Determination of Major and Minor Elements in HF-Digested Soil Samples using an Agilent 5110 ICP-OES

Significance of the Topic

Accurate elemental analysis of soil samples is essential for environmental assessment, agricultural management, and regulatory compliance. Silicate minerals in soils require hydrofluoric acid (HF) for complete dissolution. However, HF digests corrode standard glass or quartz sample introduction systems, necessitating neutralization steps that add complexity, risk contamination, and reduce throughput. An inert sample introduction system enables direct analysis of HF-digested samples, improving efficiency and data integrity.

Objectives and Study Overview

The study evaluates the performance of an Agilent inert sample introduction system coupled to the 5110 Vertical Dual View ICP-OES for multi-element determination in HF-digested soil samples. Key objectives include:

• Validating complete digestion and accurate quantitation of 11 major and minor elements in a NIST soil reference material following US EPA 3052 microwave-assisted HF digestion.
• Assessing detection limits, dynamic range, and long-term stability over continuous operation.
• Comparing recoveries from HF-based and aqua regia-only digests.
• Demonstrating interference correction using Agilent’s FACT software.

Methodology and Instrumentation

Soil samples (0.45 g) and NIST SRM 2710a were digested in a microwave system with 10 mL HNO₃, 3 mL HF, and 3 mL HCl under US EPA 3052 conditions, brought to 40 mL. Calibration standards matched the acid matrix. An Agilent 5110 VDV ICP-OES with SPS 4 autosampler was equipped with:

• OneNeb Series 2 inert nebulizer
• Inert double-pass spray chamber with removable baffle
• Easy-fit inert demountable VDV torch with alumina injector (1.8 mm i.d.)
• Inline nebulizer gas humidifier

Operating conditions included 1.2 kW RF power, 12 L/min plasma flow, axial and radial viewing modes, and online addition of Lu and Y internal standards. FACT spectral deconvolution corrected complex overlaps.

Key Results and Discussion

Recoveries for all 11 elements were within ±10% of certified values, confirming method accuracy. Method detection limits ranged from 0.44 to 11.2 µg/kg (MDL) and 0.12 to 3.01 mg/kg (LOQ). Long-term precision over 7 hours of continuous analysis showed RSDs below 3%. FACT correction effectively removed a Cu interference on P 177.434 nm. Recoveries in aqua regia-only digests were significantly lower for Cr, Mn, Ti, and V, highlighting the necessity of HF for total digestion. Spike recoveries in the SRM were within ±10%, validating method robustness.

Benefits and Practical Applications

Direct analysis of HF-digested soils without neutralization streamlines workflows, reduces contamination risk, and supports high-throughput operations. The inert introduction system tolerates high dissolved solids and organic solvents while delivering accurate multi-element data across a broad dynamic range (ppm to percent levels). This approach benefits environmental laboratories, agronomic research, and industrial quality control.
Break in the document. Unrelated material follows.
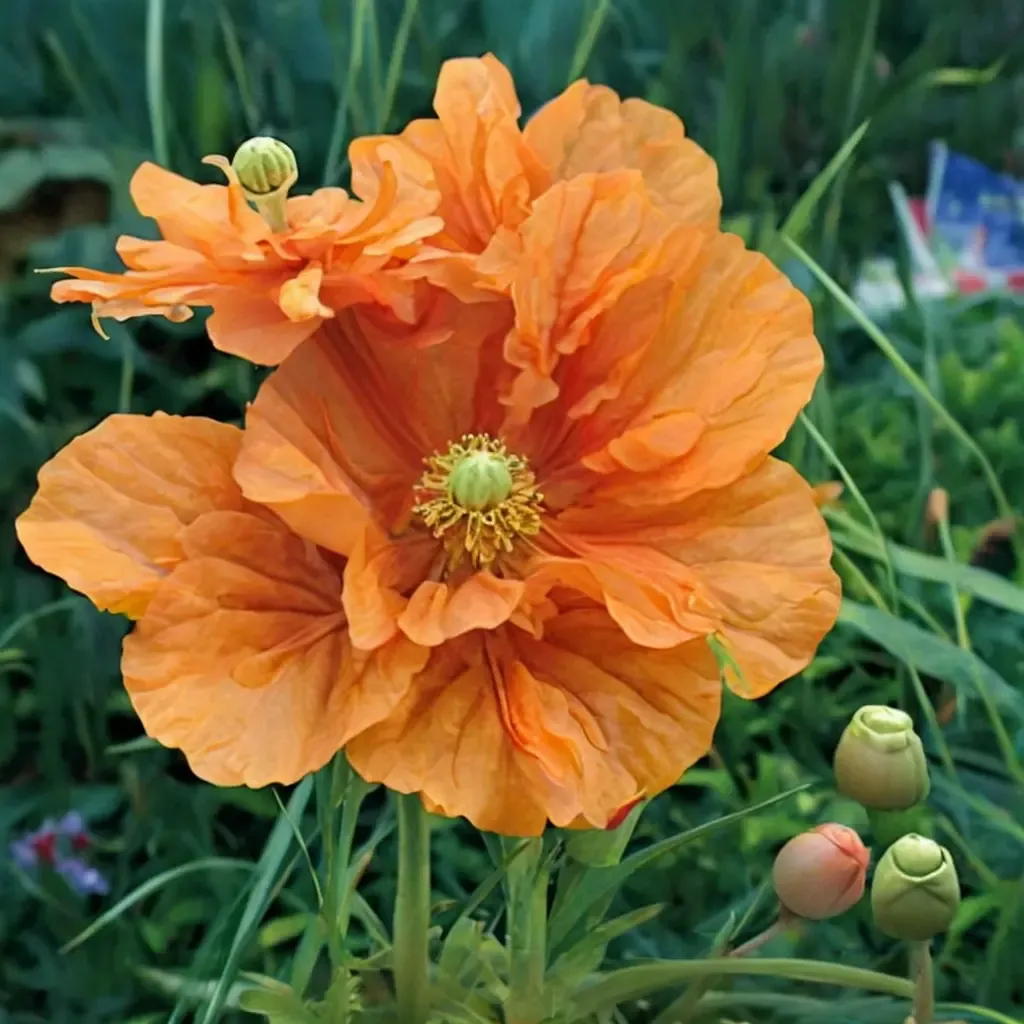Double Atlantic Poppy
Future Trends and Opportunities

Expanding inert introduction technology to other challenging matrices (e.g., sediments, sludges), integrating automated digestion workflows, and adapting similar systems for MP-AES will enhance analytical flexibility. Ongoing improvements in real-time spectral correction and detector technology will further lower detection limits and simplify complex sample analyses.

Conclusion

The combination of HF digestion and Agilent’s inert sample introduction on the 5110 VDV ICP-OES delivers reliable, efficient multi-element analysis of silicate-rich soils. The method offers complete sample decomposition, excellent accuracy and precision, robust long-term stability, and a wide dynamic range, making it a valuable tool for diverse analytical laboratories.

References

1. US EPA Method 3052. Microwave Assisted Acid Digestion of Siliceous and Organically Based Matrices; U.S. Environmental Protection Agency.
2. López-García I., Arnau-Jerez I., Campillo N., Hernández-Córdoba M. Determination of Tin and Titanium in Soils, Sediments and Sludges Using ETAAS with Slurry Sample Introduction. Talanta. 62(2):413–419 (2004).
3. Lyu S., Wei X., Chen J., Wang C., Wang X., Pan D. Titanium as a Beneficial Element for Crop Production. Front. Plant Sci. 8:597 (2017).
4. Agilent Technologies. Real-time Spectral Correction of Complex Samples Using FACT Spectral Deconvolution Software; Publication 5991-4837EN.